─── EXTRACTED DATA
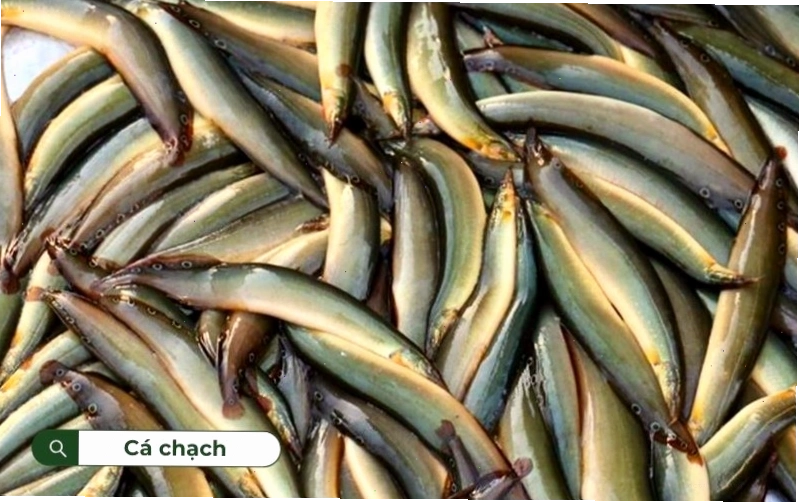 Cá chạch có hàm lượng dinh dưỡng cao và rất ít chất béo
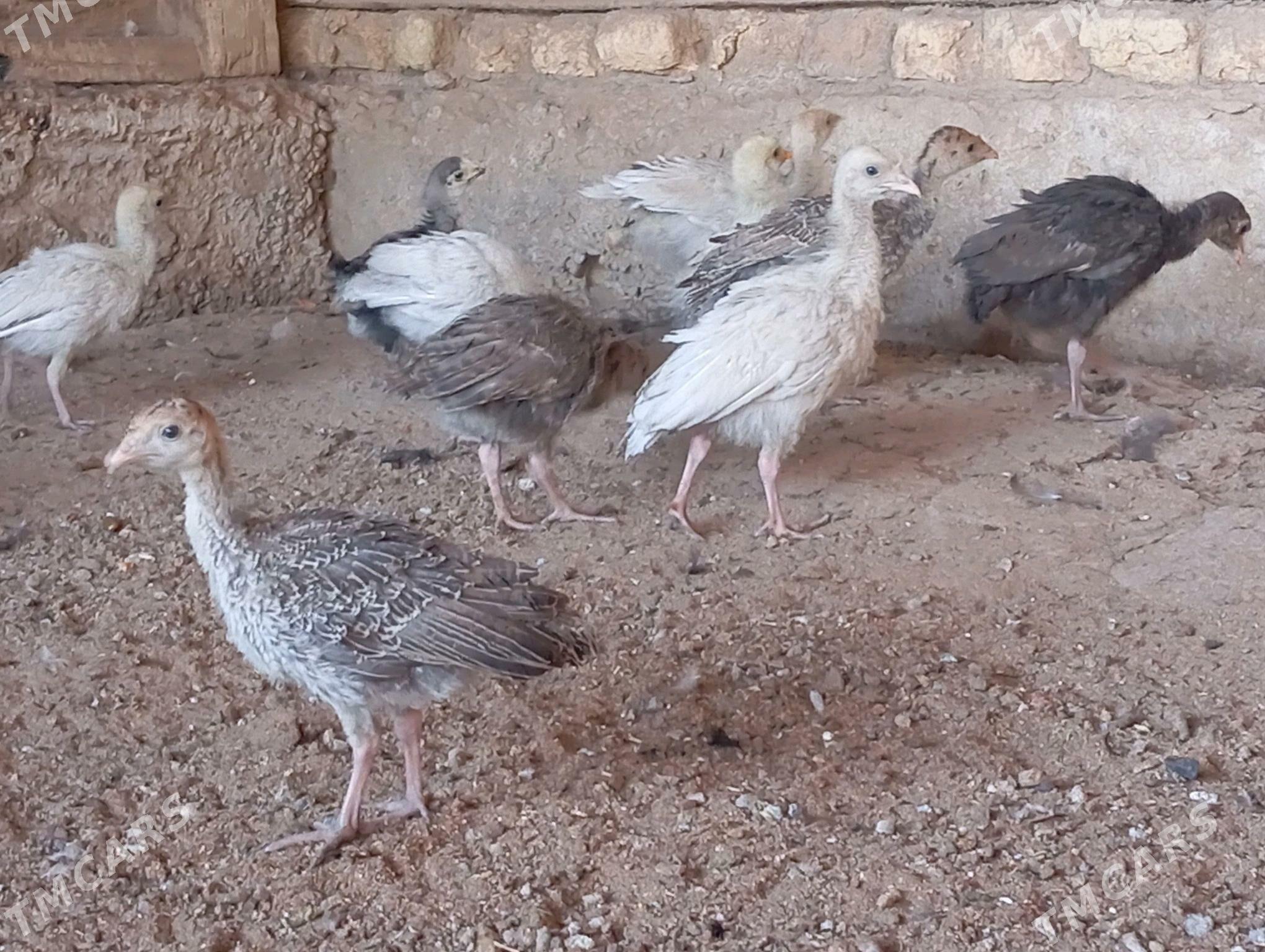 induk juje - Mary - img 6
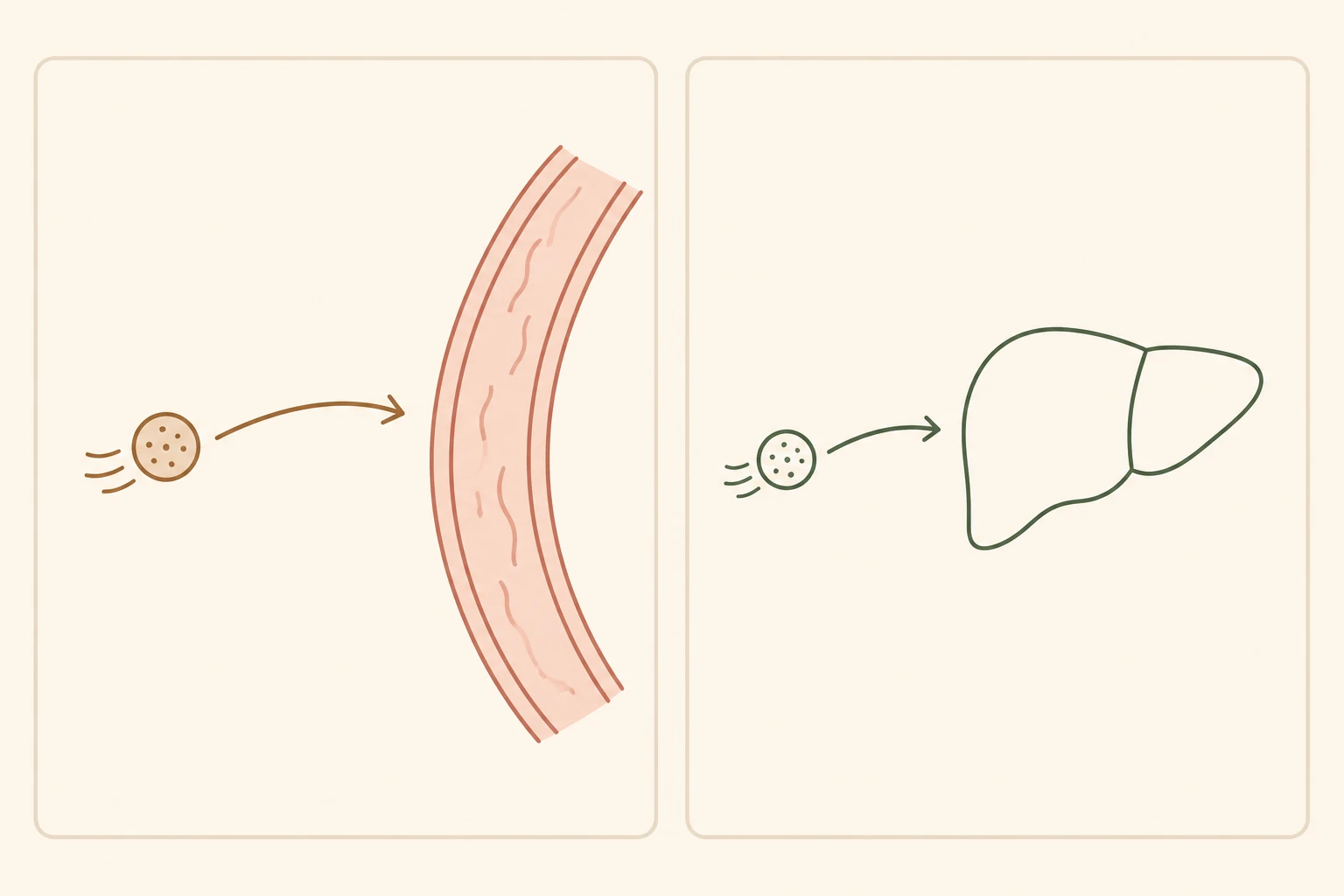 Illustration simple en deux panneaux comparant le cholestérol LDL se dirigeant vers la paroi d'une artère et le cholestérol HDL se dirigeant vers le foie
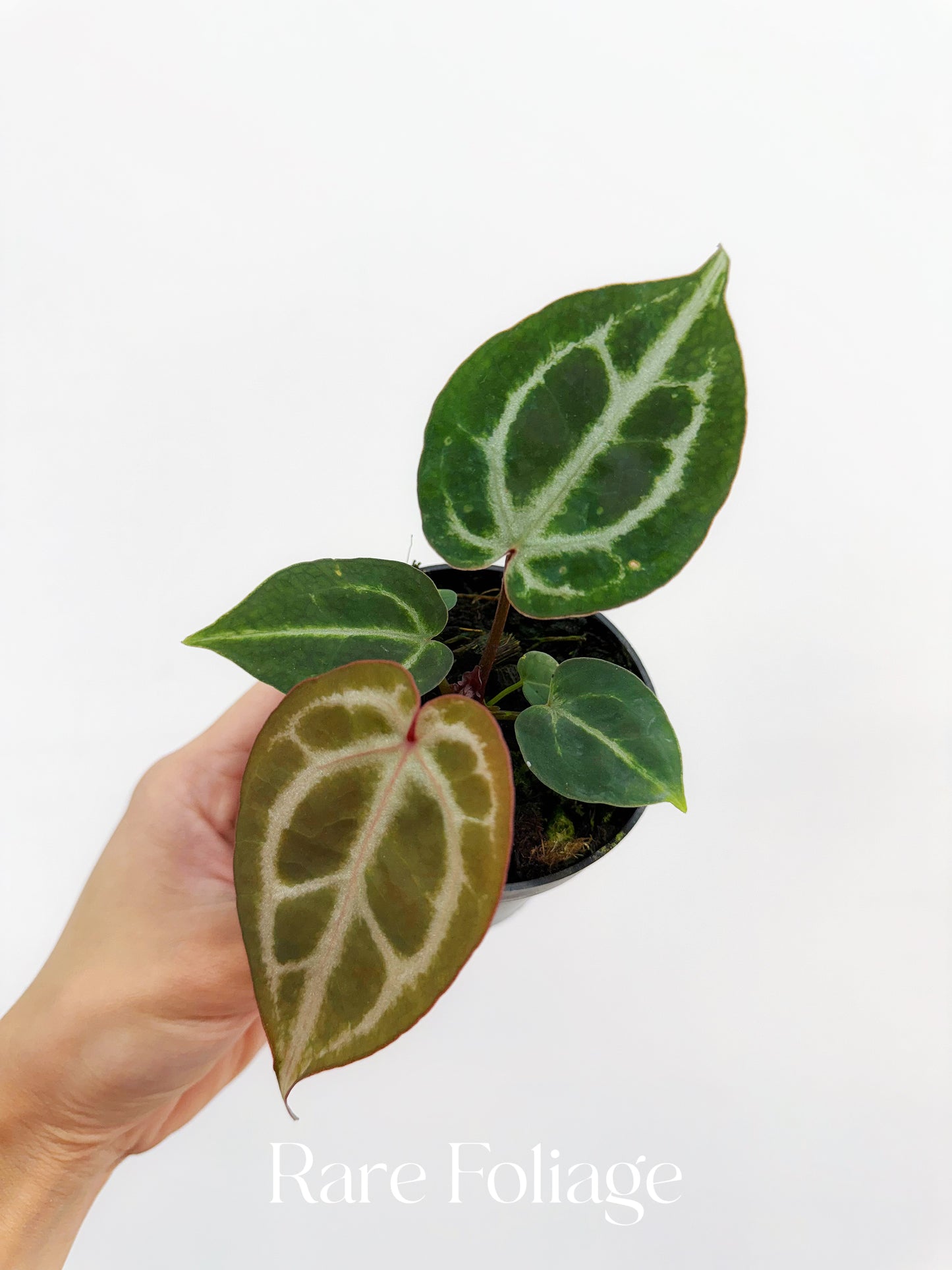 Anthurium Red Crystallinum Seedling 3"
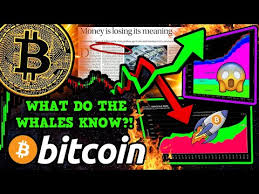 In 2020, it's seen renewed growth in the face of the yet, since its release, the whitepaper has had a profound impact on the world. Bitcoin Whales Are Dumping But Btc Price Is Pumping What This Means Youtube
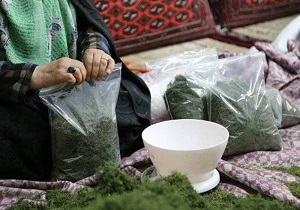 افزایش ۴.۵ برابری اعطای تسهیلات به مشاغل خانگی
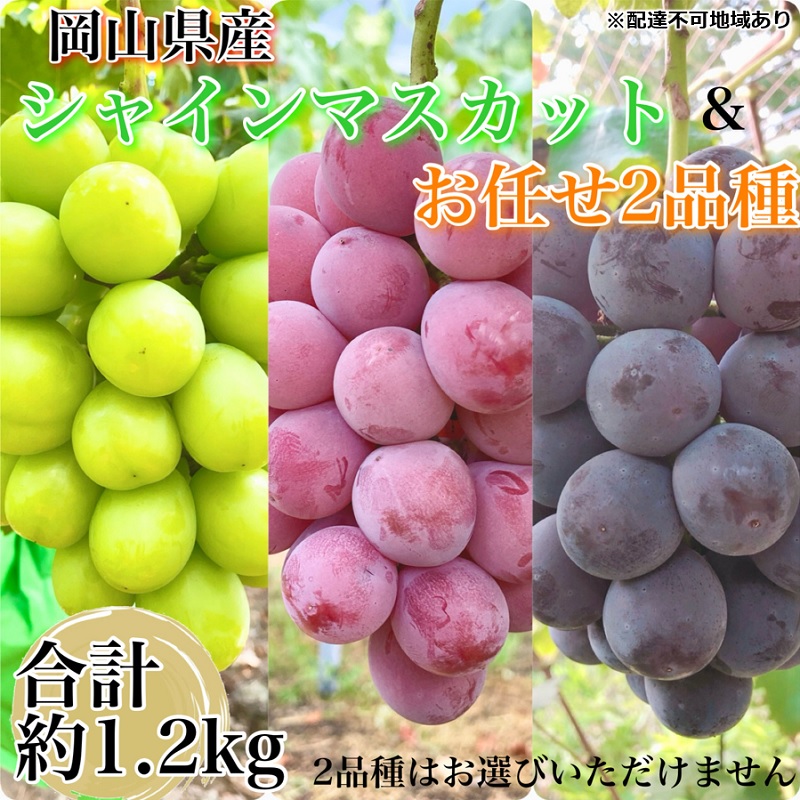 【ふるさと納税】ぶどう 2026年 先行予約 農家こだわりのシャインマスカット＆お任せ2品種 3房合計約1.2kg ブドウ 葡萄 岡山県産 国産 フルーツ 果物 ギフト 【 Nini farm 農家 直送 】　お届け：2026年8月20日～2026年9月30日｜岡山県瀬戸内市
──────
▶ _PROBLEM TO WORK ON_: Print each entry above verbatim, pictures left out.

▶ _REPLY TO THE EXERCISE_:
 Cá chạch có hàm lượng dinh dưỡng cao và rất ít chất béo
 induk juje - Mary - img 6
 Illustration simple en deux panneaux comparant le cholestérol LDL se dirigeant vers la paroi d'une artère et le cholestérol HDL se dirigeant vers le foie
 Anthurium Red Crystallinum Seedling 3"
 In 2020, it's seen renewed growth in the face of the yet, since its release, the whitepaper has had a profound impact on the world. Bitcoin Whales Are Dumping But Btc Price Is Pumping What This Means Youtube
 افزایش ۴.۵ برابری اعطای تسهیلات به مشاغل خانگی
 【ふるさと納税】ぶどう 2026年 先行予約 農家こだわりのシャインマスカット＆お任せ2品種 3房合計約1.2kg ブドウ 葡萄 岡山県産 国産 フルーツ 果物 ギフト 【 Nini farm 農家 直送 】　お届け：2026年8月20日～2026年9月30日｜岡山県瀬戸内市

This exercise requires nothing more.